KCI is owned and operated by Kansas city Aviation Department, an enterprise fund department of the municipality of Kansas City. Since no general tax refunds are used to supplement KCI's revenue stream from its own tenants and users, the need to remain within tight budget limitations was paramount. Compounding the matter were all the procedural hoops for adding any new system to the original spec. As Burns & MacDonald, the main contractor, began work on the major projects, they became increasingly interested in retrofitting a full-featured submetering system. Answering the call was Langhorne, PA-based E-Mon, LLC, manufacturer of the well-known E-Mon D-Mon line of submetering products and services. E-Mon's Kansas City Rep, Pat Saviano of C & O Electric Sales, pulled out all the stops to provide in-depth educational seminars that absolutely convinced Burns & MacDonald and the KCI operations folks of the need for submetering.
Submetering Project Goals Defined
KCI, joined by M&M, urged Saviano's help in recommending a submetering system that would alleviate tenant objections to the existing general apportionment of the electric charges by individually tracking the electrical usage of each tenant. Enlisting the aid of the M.E. Group of Kansas City to prepare the submetering bid documents, the project goals were defined as:
- Allocate power costs fairly to the tenants and reduce the costs associated with manual billing and tenant disputes
- Ensure compliance with legislative mandates such as the Energy Policy Act of 2005 (EPACT.)
Pilot Project Tests Concept
In addition to providing the detailed information for the preparation of the engineering design, Saviano set up the initial pilot project using four meters and software to prove the viability of the concept.
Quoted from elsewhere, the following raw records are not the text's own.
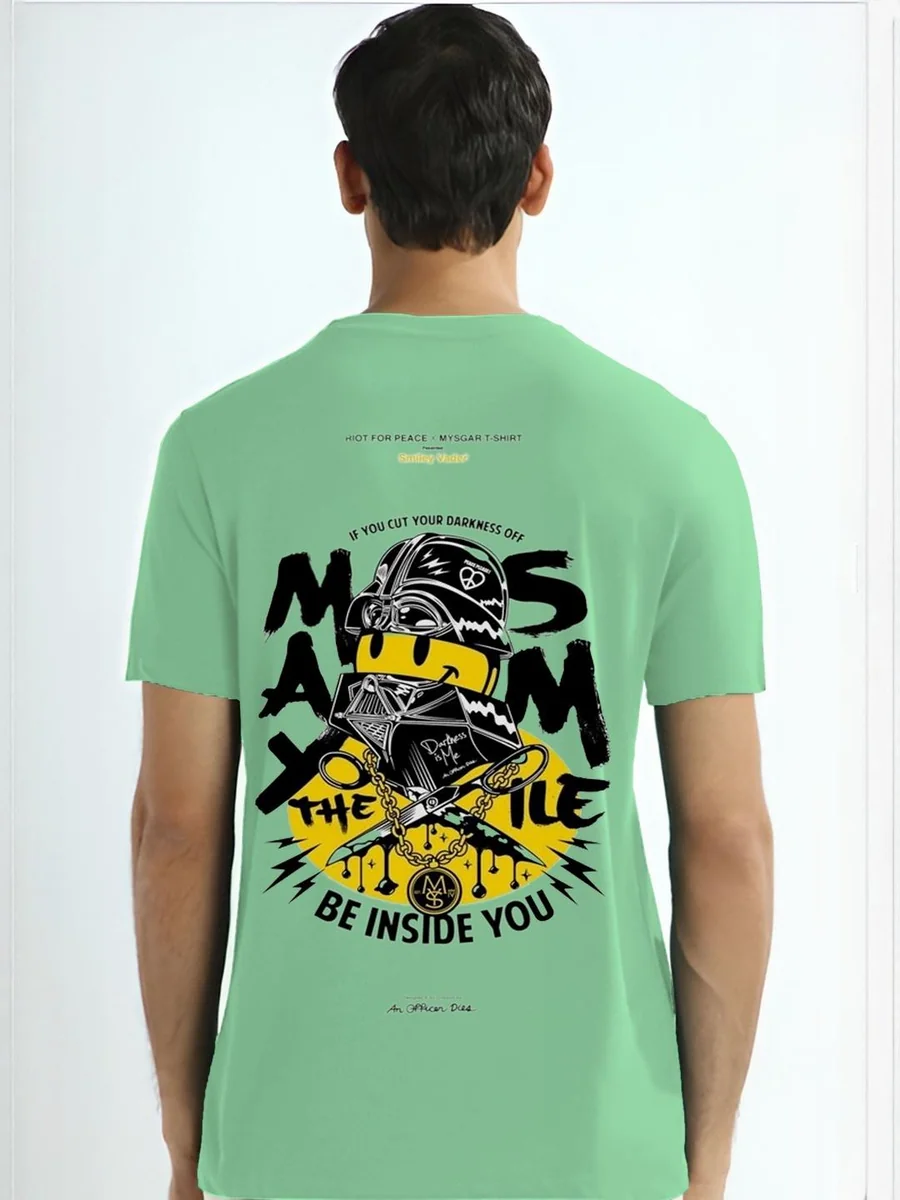 Kasendra Men Regular Fit Graphic Printed T-shirt - Best Price ₹178 at Myntra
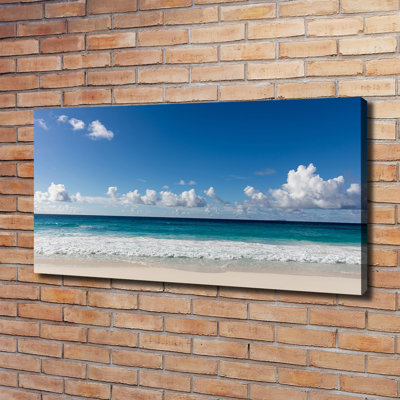 Seychelles Beach - Wrapped Canvas Print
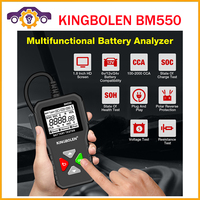 KINGBOLEN BM550 Automotive Battery Analyzer Car Battery Tester 12V 6V CCA Circut Tester Cranking Test Charging Tool BM550 Kw208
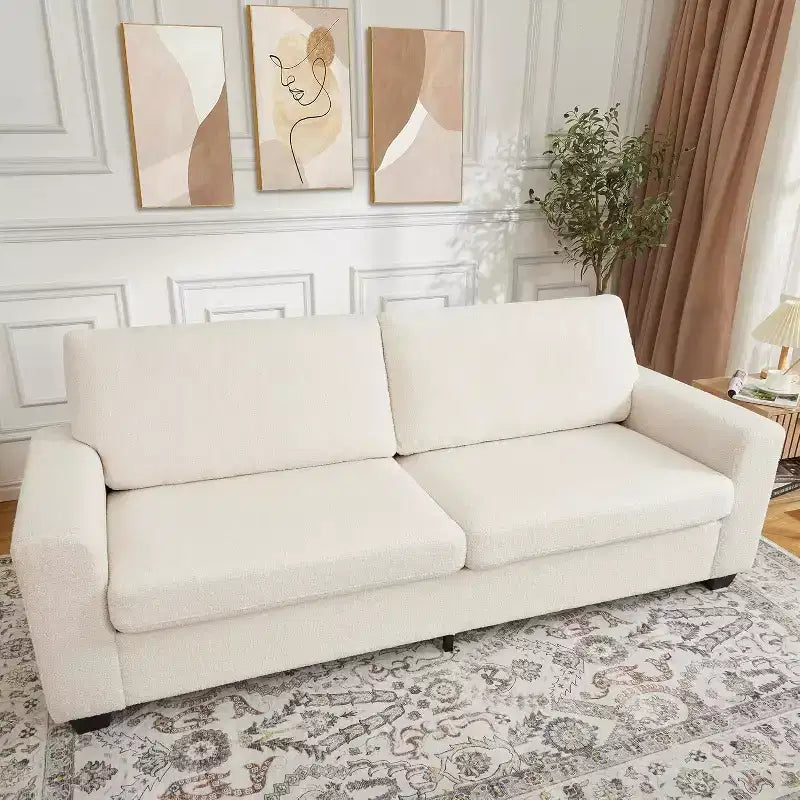 83 Inch Modern 3 Seater Sofa - Deep Seats Couch, Comfortable Cloud Couch, Perfect for Living Room, Bedroom, Office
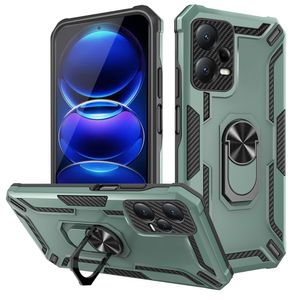 Warship Robuste Defender Heavy Duty Cases Anti-Slip Metal Ring Stand Support Magnet Mount Housse antichoc pour RedMi A1 9A 9C Note 12 11 10 POCO M4 X4 Pro XiaoMi 13 Lite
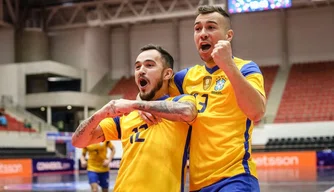 Equipe Brasileira na Copa América de Futsal.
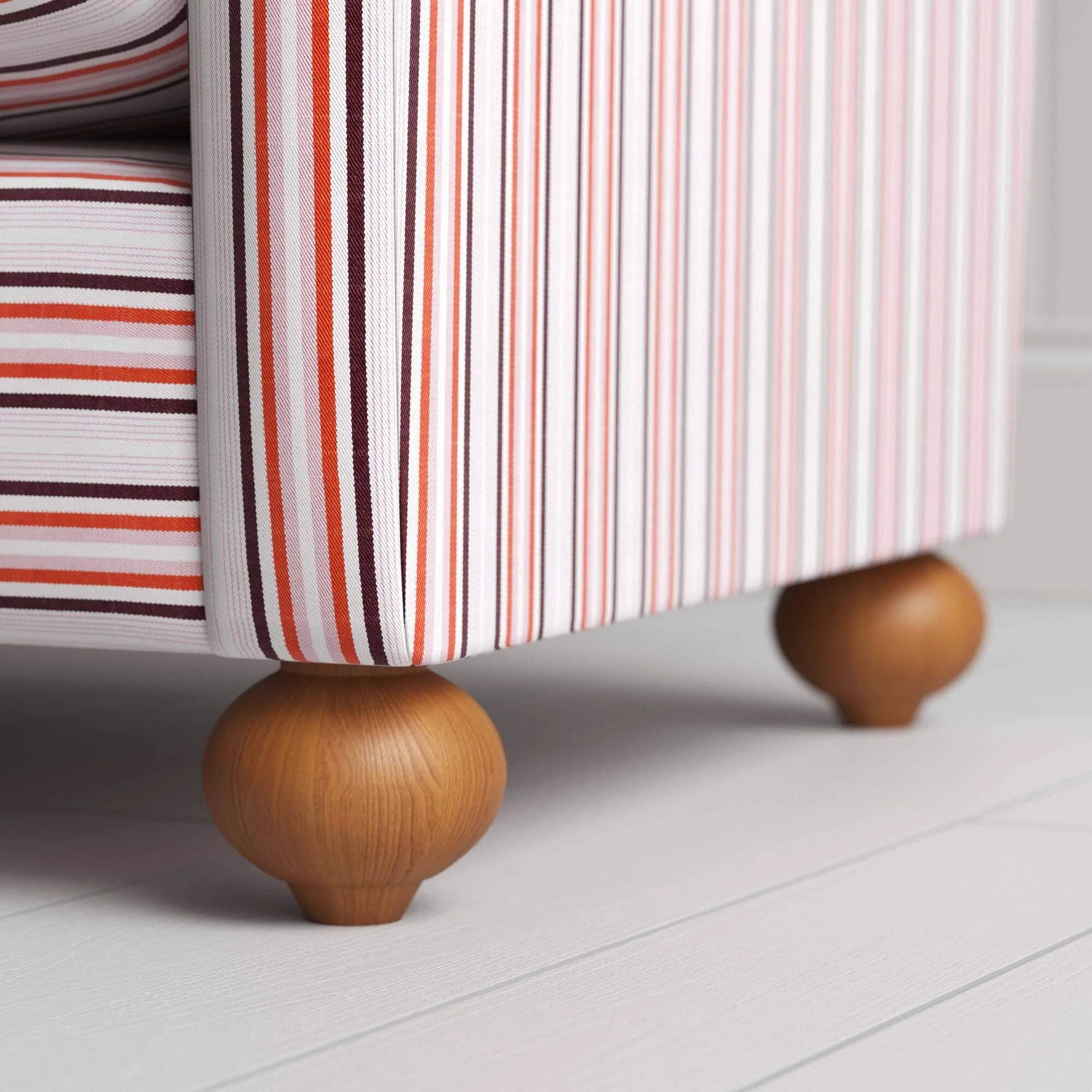 Dolittle Armchair in Slow Lane Cotton Linen, Berry - Image 5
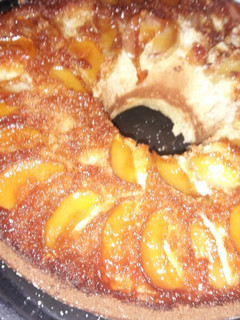Una foto de Torta invertida de manzanas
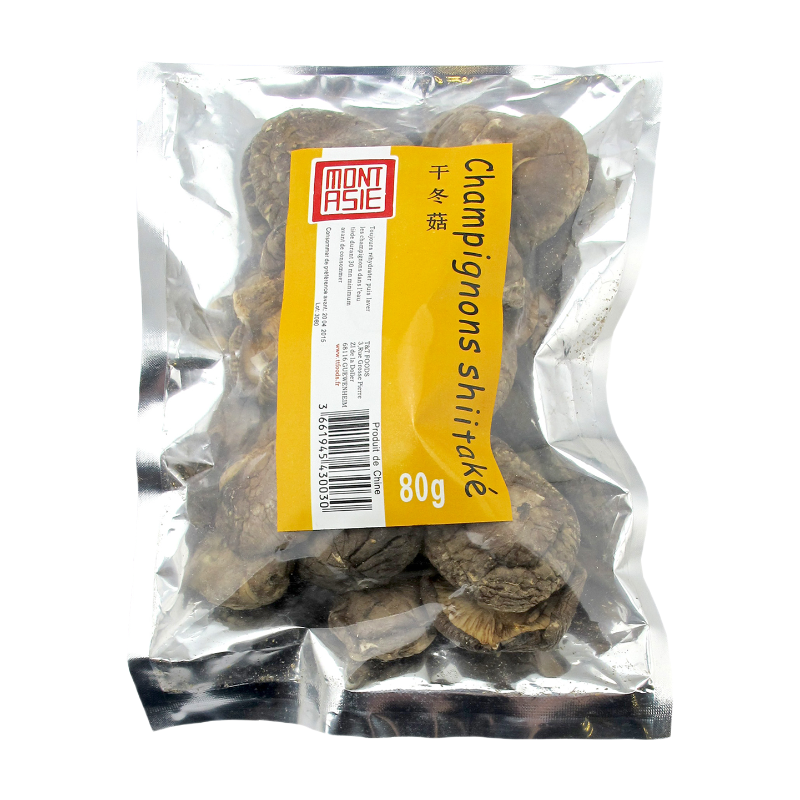 MONT ASIE Champignons Shiitake 80 g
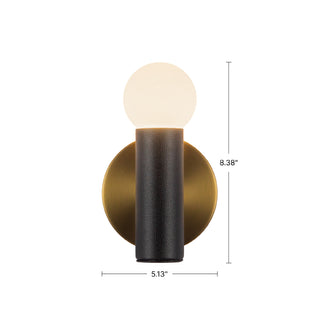 Calla 8 in Brushed Gold Dimmable LED Wall Sconce
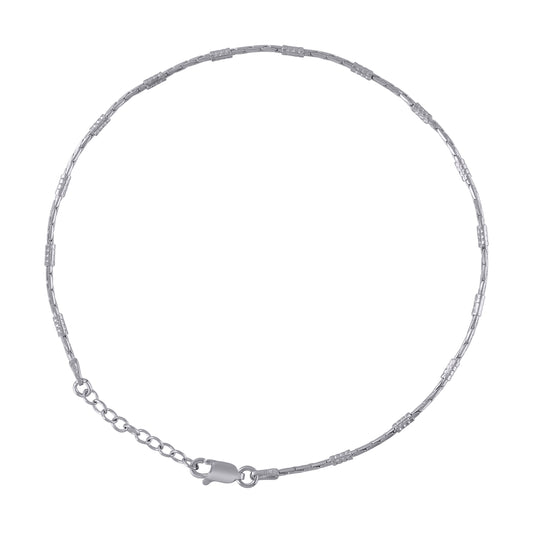 925 Sterling Silver 060 Fancy Chain Rhodium Plated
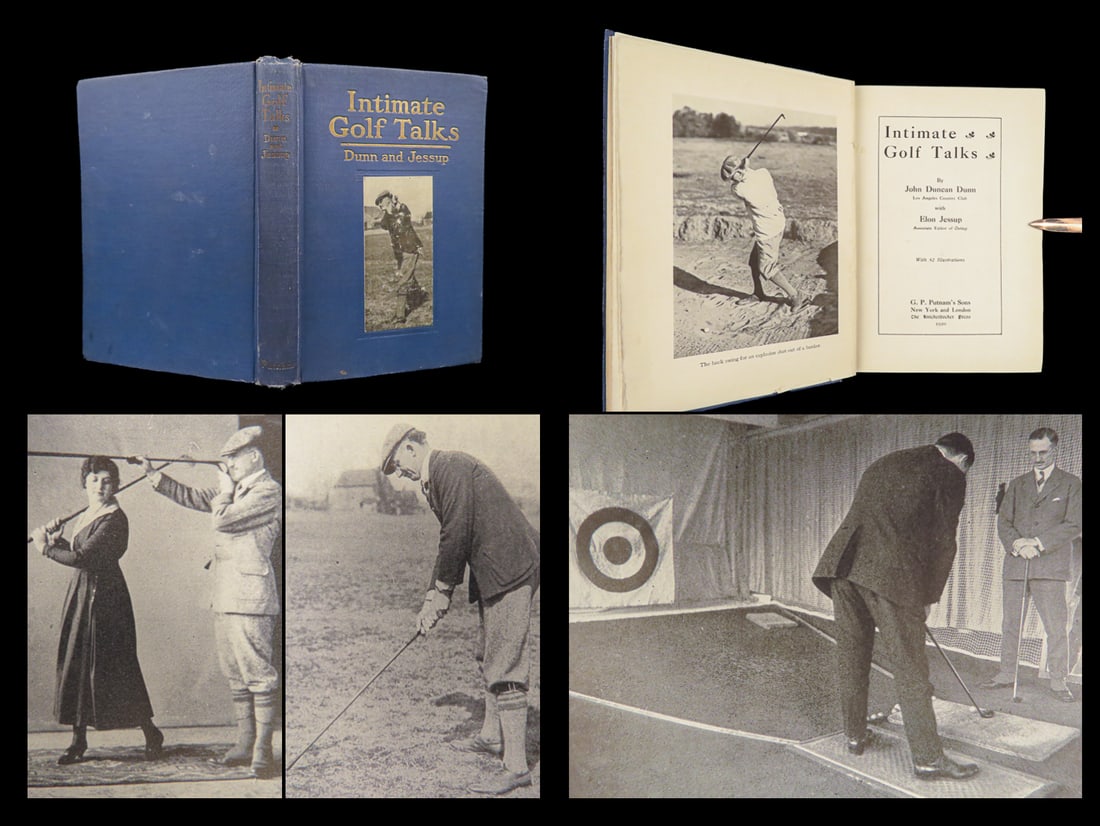 1920 GOLF TIPS 1st John Dunn Intimate Golf Talks Clubs Illustrated Fashion Sport (1 of 10)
Pilot project results gave KCI operations and the consulting engineers the confidence to aggressively pursue the full submetering system implementation. French Gerleman, E-Mon's local electrical distributor, quoted the necessary equipment to R.F. Fisher Electrical Contracting who performed the install and start-up at the KCI site.
Full Project Details
The final design employed more than 100 Class 3000 E-Mon D-Mon meters communicating with the central monitoring location via the facility's Ethernet backbone. The system's E-Mon Energy software allowed KCI management to generate individual tenant bills that were no longer based on some arbitrary, intruistically unfair, measure of square footage. Instead, tenant bills were now based on actual power usage and allocated common areas. The major application was on the gates and jet bridges used by the airlines. Since that time, additional meters have been installed in KCI's consolidated rental car facility to track and allocate those costs as well.
Through accurate metering of actual energy usage, KCI's previous billing problems have disappeared. With the historical data that submetering provides, tenants can now see their actual energy usage, resulting in the complete elimination of customer complaints. One unanticipated side-benefit was the labor savings that KCI realized when processing monthly tenant invoices. Once an account is set up, the E-Mon Energy software quickly calculates the invoice for each tenant every month. Reports and spreadsheets are easily output through the software as a back-up for any detailed discussion with a tenant.
As for the second project goal, KCI operations are now equipped to meet federal regulatory mandates for energy monitoring.